A quantidade e complexidade dos vidros empregados exigiram cuidado especial na escolha dos fornecedores. Os aproximadamente 130 mil m² do material foram fabricados em uma planta de float na Áustria e, antes de serem transportados a Toledo, foram curvados e laminados na China, pela SanXin Glass Technology. A maioria das peças assume uma curvatura única, de modo que exigiu precisas especificações de fabricação. As estruturas de sustentação são formadas por finas e esparsas colunas de aço e as placas de aço instaladas nas laterais garantem leveza e aumentam a sensação de claridade. “As esquadrias estruturais de aço diferenciam-se pela sua extensão, de 3,5 mil m², e pela altura do edifício, de 4,5 m”, comenta Carol. “Há muito pouca estrutura visível, dando a sensação de que a construção está flutuando sobre o chão.”
Sob projeto e consultoria da nova-iorquina Front, a instalação das paredes de vidro dispensou o uso de colunas verticais de sustentação. Os painéis são unidos apenas por selante de silicone entre as chapas. “Ou seja, não há interferência visual ao longo das paredes de vidro, que formam extensões contínuas. Nenhuma delas forma ângulos retos”, observa a diretora.
Vidros laminados e temperados foram usados em todas as aplicações internas e externas. A escolha recaiu sobre o Optiwhite, vidro com baixo teor de ferro da Pilkington. As paredes internas são constituídas por laminados com duas folhas de 9 mm de espessura cada. Já os vidros aplicados externamente são formados por chapas laminadas de 12 mm cada, intercaladas com PVB Saflex e com dimensão de 2,4 X 3,9 m. Não houve necessidade de vidros insulados nas paredes externas, uma vez que as extensas zonas de cavidades atuam como um vidro insulado gigante, capaz de isolar o calor e a radiação e garantir uma baixa velocidade de circulação do ar no interior, prevenindo condensação no vidro em períodos de mudanças de estação.

Equipamentos especiais foram fabricados de forma customizada para a instalação dos painéis envidraçados do Glass Pavilion, devido tanto ao tamanho como à curvatura das chapas. “O edifício teve de ser construído de dentro para fora.
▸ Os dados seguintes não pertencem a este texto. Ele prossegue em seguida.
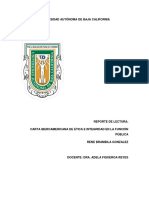 Carta Iberoamericana de La Función Publica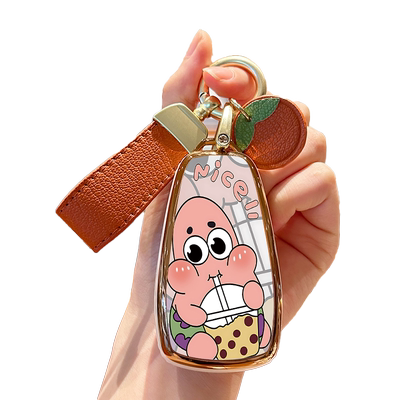 2023款长安欧尚x5钥匙套专用z6欧尚x7Plus汽车z6idd壳X7EV包扣女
As paredes externas foram instaladas por último, para que as painéis de vidro fossem devidamente dispostos e encaixados nos canais”, explica a diretora. O serviço ficou a cargo da Toledo Glass e da Mirror of Toledo. Imprensadas entre esses canais situados no piso e no teto, e fixadas e amortecidas com gaxetas de borracha, as peças podem se mover junto com o desenho do edifício. “Essa solução previne pontos de tensão no vidro, que podem levar à quebra das chapas”, diz Carol. “Como os vidros não são estruturais, podem ser sutilmente movidos, de forma a se adaptarem às diferentes temporadas do museu.”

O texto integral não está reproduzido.